Stored data entries:
*** Block opens ***

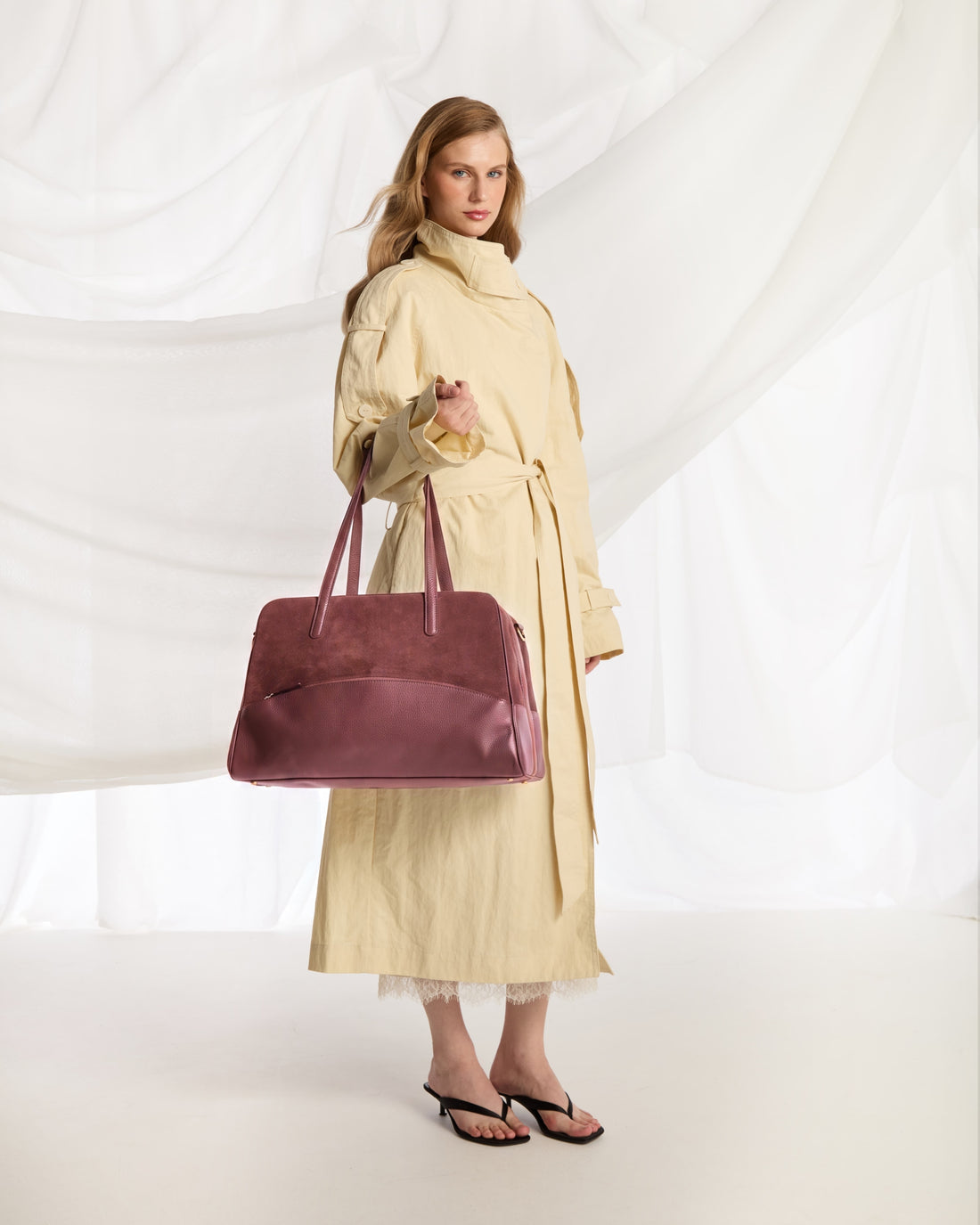 A burgundy leather handbag with dual top handles and a curved front pocket, photographed against a clean white background.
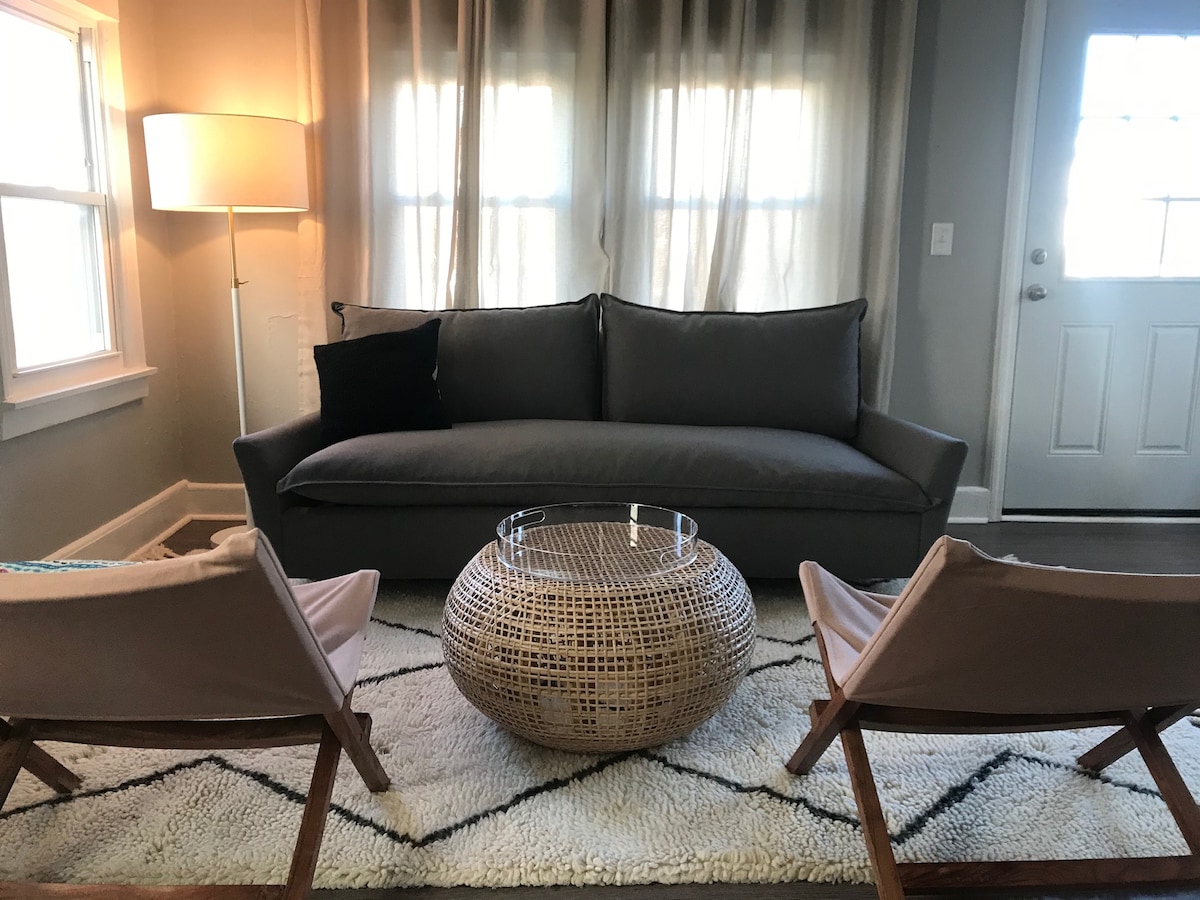 A cozy living area features a gray pullout sofa, two light-colored armchairs, and a round woven coffee table. Natural light fills the space through large windows, which are dressed with sheer curtains. A neutral area rug adds warmth to the floor.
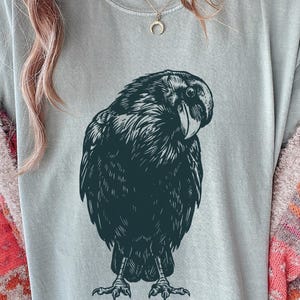 May include: A light blue t-shirt featuring a detailed black illustration of a raven. The raven is depicted in a detailed, artistic style, with its feathers and beak clearly defined. The shirt is made of a soft material.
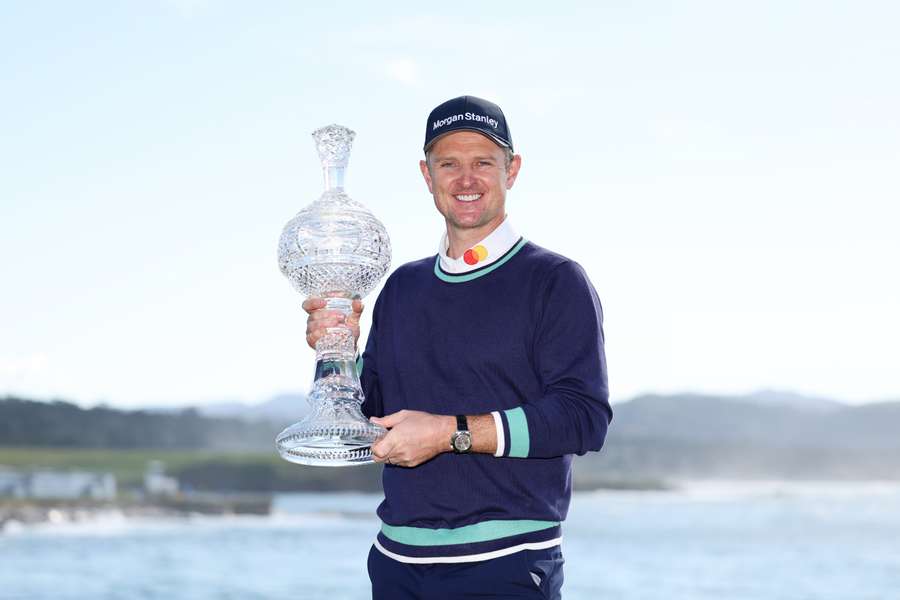 Justin Rose celebrates with the trophy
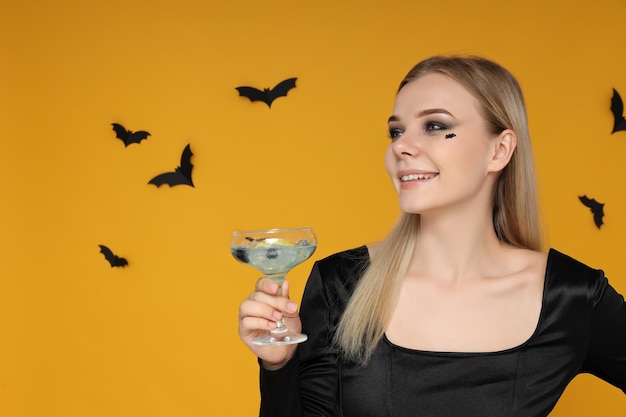 Une fille à une fête dans le style d'Halloween avec un cocktail dans les mains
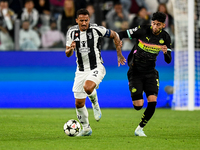 Danilo of Juventus fights for the ball with Ricardo Pepi of PSV during the UEFA Champions League 2024/25 League Phase MD1 match between Juve...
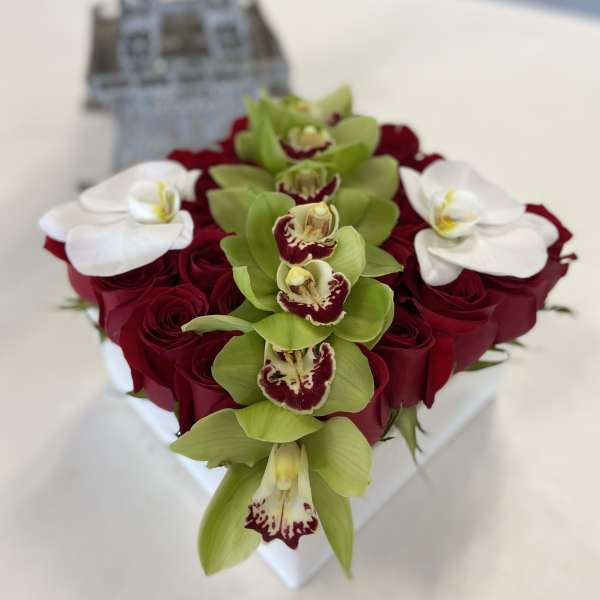 Heart-shaped bouquet of red roses with green and white orchids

*** Block closes ***

## What to work on
Repeat every line above precisely; pictures do not belong in the copy.

## Response to the task
 A burgundy leather handbag with dual top handles and a curved front pocket, photographed against a clean white background.
 A cozy living area features a gray pullout sofa, two light-colored armchairs, and a round woven coffee table. Natural light fills the space through large windows, which are dressed with sheer curtains. A neutral area rug adds warmth to the floor.
 May include: A light blue t-shirt featuring a detailed black illustration of a raven. The raven is depicted in a detailed, artistic style, with its feathers and beak clearly defined. The shirt is made of a soft material.
 Justin Rose celebrates with the trophy
 Une fille à une fête dans le style d'Halloween avec un cocktail dans les mains
 Danilo of Juventus fights for the ball with Ricardo Pepi of PSV during the UEFA Champions League 2024/25 League Phase MD1 match between Juve...
 Heart-shaped bouquet of red roses with green and white orchids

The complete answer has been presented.